Hi, my first time on here. I was needing to talk with someone that has been through what I have been through. I can't shake it. It seems like every time I get something going good in life, my past abuse, loss of my kids, comes back to me and then all my depression starts to kick in. What can I do?
Hey seuss75, We are so glad you made it to this site! It sounds like you have had a pretty tough past. I totally understand how hard it can be to try and get over past abuse. It is not easy!!! You mentioned in your post about loss of your kids. Can you explain your situation a little more so we can help! You can shake it. We are hear to support you!!

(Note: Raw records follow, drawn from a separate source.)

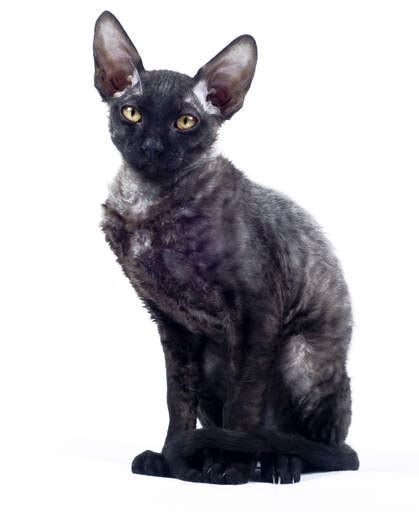 Cornish Rex Katten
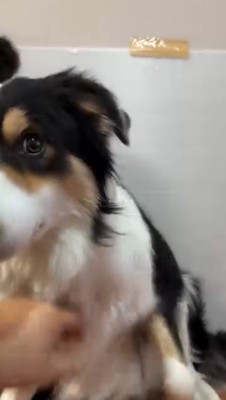 カメラへ視線を向ける犬
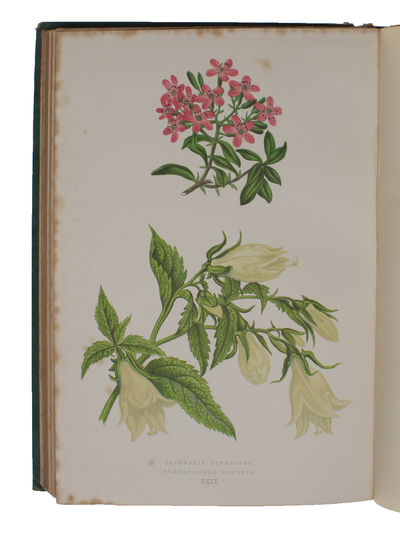 Alpine Plants: Figures and Descriptions of some of the most striking and beautiful of the Alpine Flowers. (First-) Second Series. 2 vols. (photo 3)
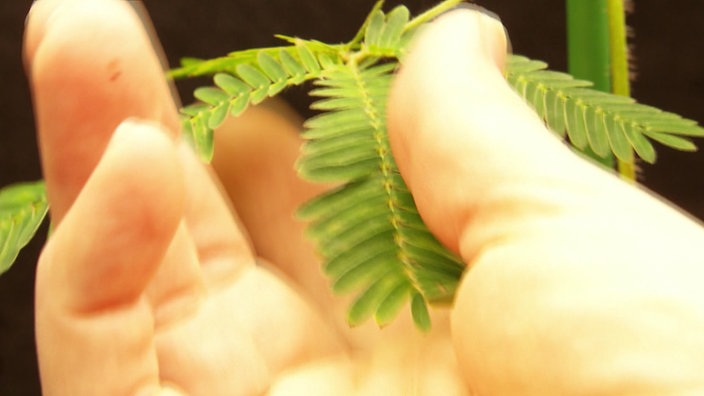 Eine Hand berührt die Blätter einer Mimose.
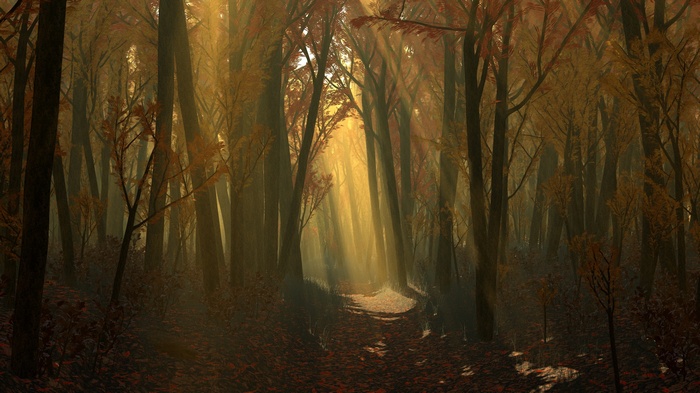 Sunlight filtering through an autumn forest path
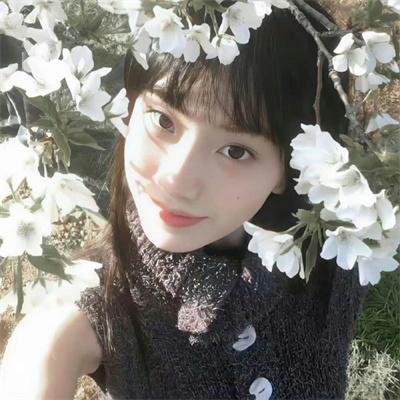 泡影昙花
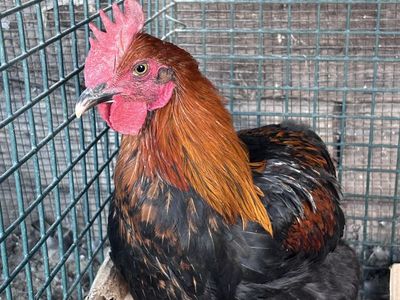 Rooster - Black Cooper Maran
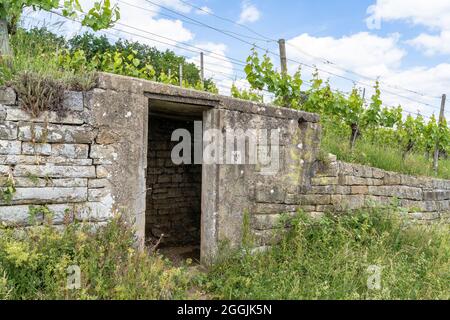 Europa, Deutschland, Baden-Württemberg, Besigheim, alte Kühlkammer im Weinberg Stockfoto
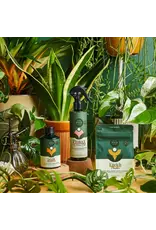 We The Wild Houseplant Care Taster Kit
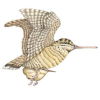 Woodcock Foundation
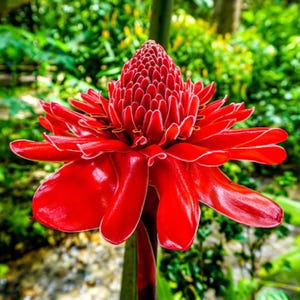 10 Red Torch Ginger Seeds – Tropical Flower Plant for Garden & Containers – Bright Red Blooms, Landscaping Cut Flowers a578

Hi, when I was young, at the age of 3, my mom abandoned me and my siblings. I'm the one who took it the hardest. Then I was sexually abused by my step mom (who my divorced) cause of that, my brother, and my oldest sister. When I was 14, I moved to my mom's whom I have not seen since I was 3, and lived with her till I was 16. I remember asking her, mom, do u love me? And she said yes but not as much as the other kids. Then she told me I would never amount to much in life, I would never find anyone to love for me. I had a baby boy when I was 16, and lost custody of him due to my mom having roaches and wouldn't do anything about it. I blame her for me losing my son. He is now 19 and in the Military and he totally hates me and wants nothing to do with me. After I lost custody, I moved with my dad in Arkansas. When I was 17, I got married and had a baby girl when I was 18. My husband at the time abused me physically, mentally, and emotionally. I was trying to leave with my daughter, but my husband threatened me. Things got better till I was 21 and had my son. Then the abuse started all over again. I stayed with him till my daughter was 6 and my son was 3. I left at that point. My husband already had custody so I couldn't take my kids with me. That was the hardest thing I ever had to go through...was losing 2 more kids. :( then at the age of 26 I met a young man online who is my angel. I thank God for him every day. We then got married and we have a wonderful family. Two years ago, my youngest son came to live with me in Minnesota till he's 18. He also has been abused mentally and physically. My daughter hates me just like my older son. How can I shake this and how can I go on?